**Your assignment**
Below are records; the lines starting at the one with "Cigar bands! I" and ending at the one with "Next are Komagon" must be reproduced exactly, both included. Pictures must not appear.

**Source information**
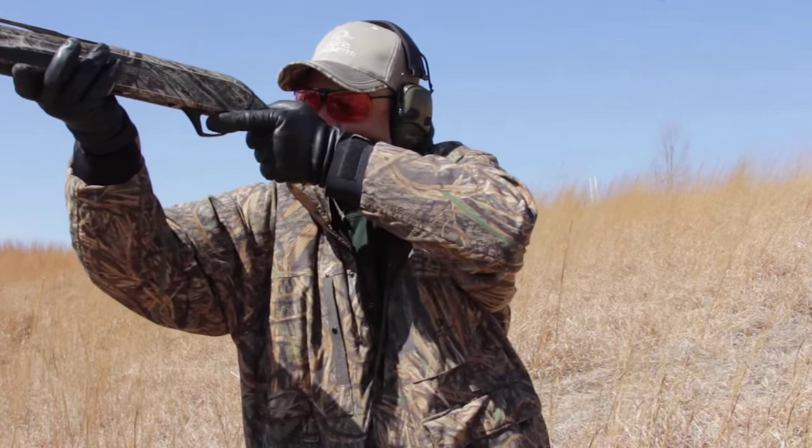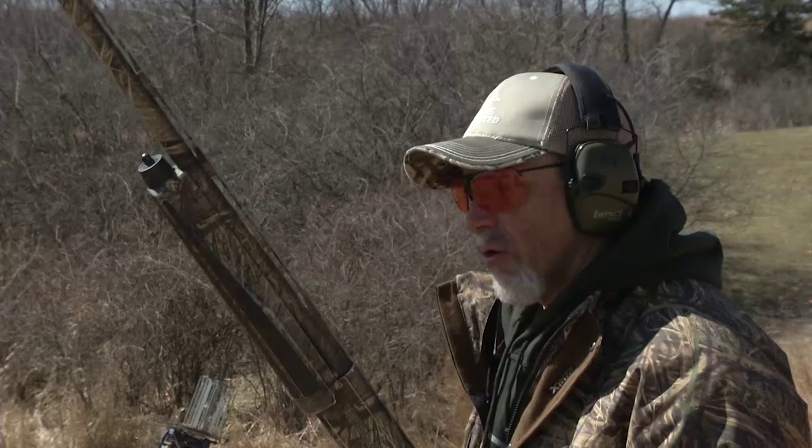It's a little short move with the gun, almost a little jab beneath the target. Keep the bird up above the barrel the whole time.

--

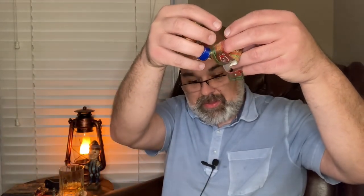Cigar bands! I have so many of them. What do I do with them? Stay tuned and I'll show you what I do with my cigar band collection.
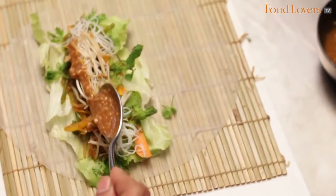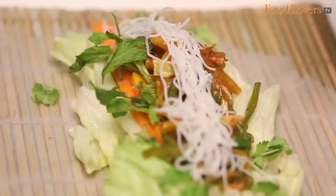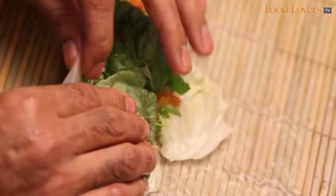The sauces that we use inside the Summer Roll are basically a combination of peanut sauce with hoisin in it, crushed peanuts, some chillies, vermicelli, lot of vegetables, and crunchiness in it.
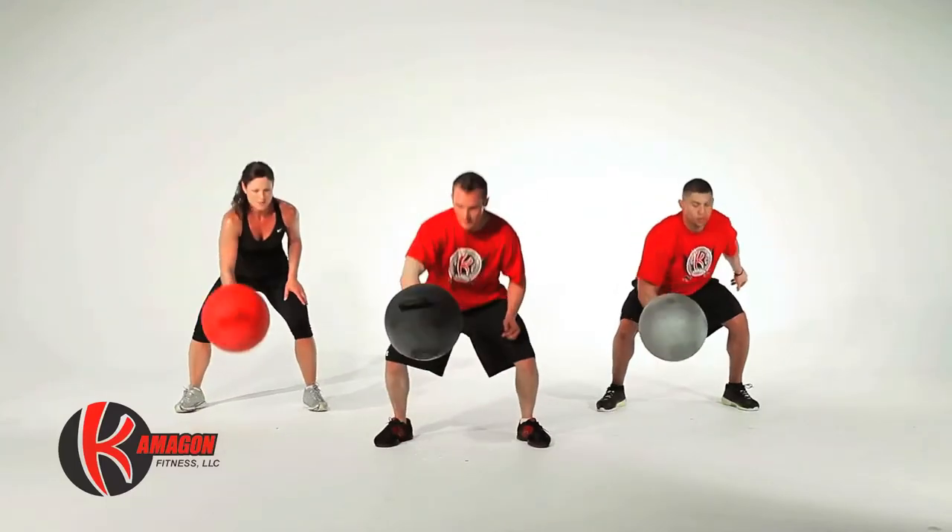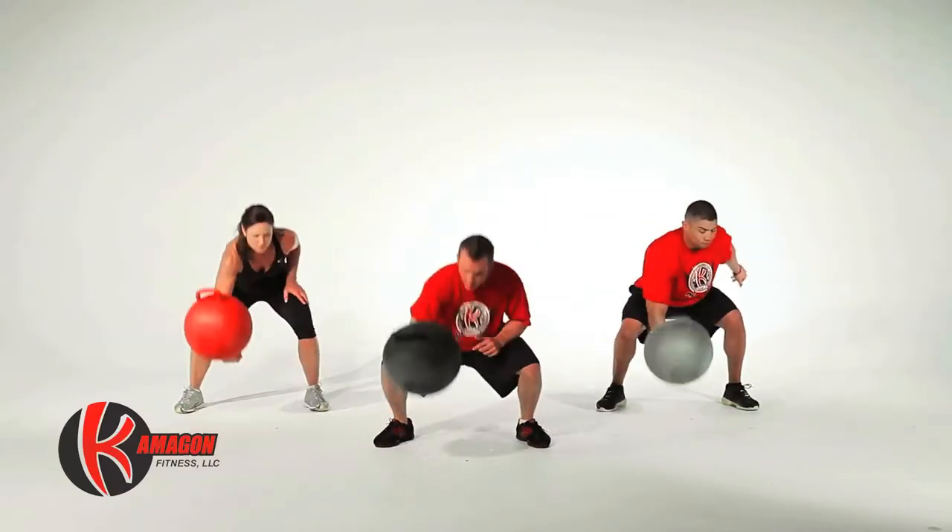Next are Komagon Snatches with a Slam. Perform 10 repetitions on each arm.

**Answer for the task**
Cigar bands! I have so many of them. What do I do with them? Stay tuned and I'll show you what I do with my cigar band collection.
The sauces that we use inside the Summer Roll are basically a combination of peanut sauce with hoisin in it, crushed peanuts, some chillies, vermicelli, lot of vegetables, and crunchiness in it.
Next are Komagon Snatches with a Slam. Perform 10 repetitions on each arm.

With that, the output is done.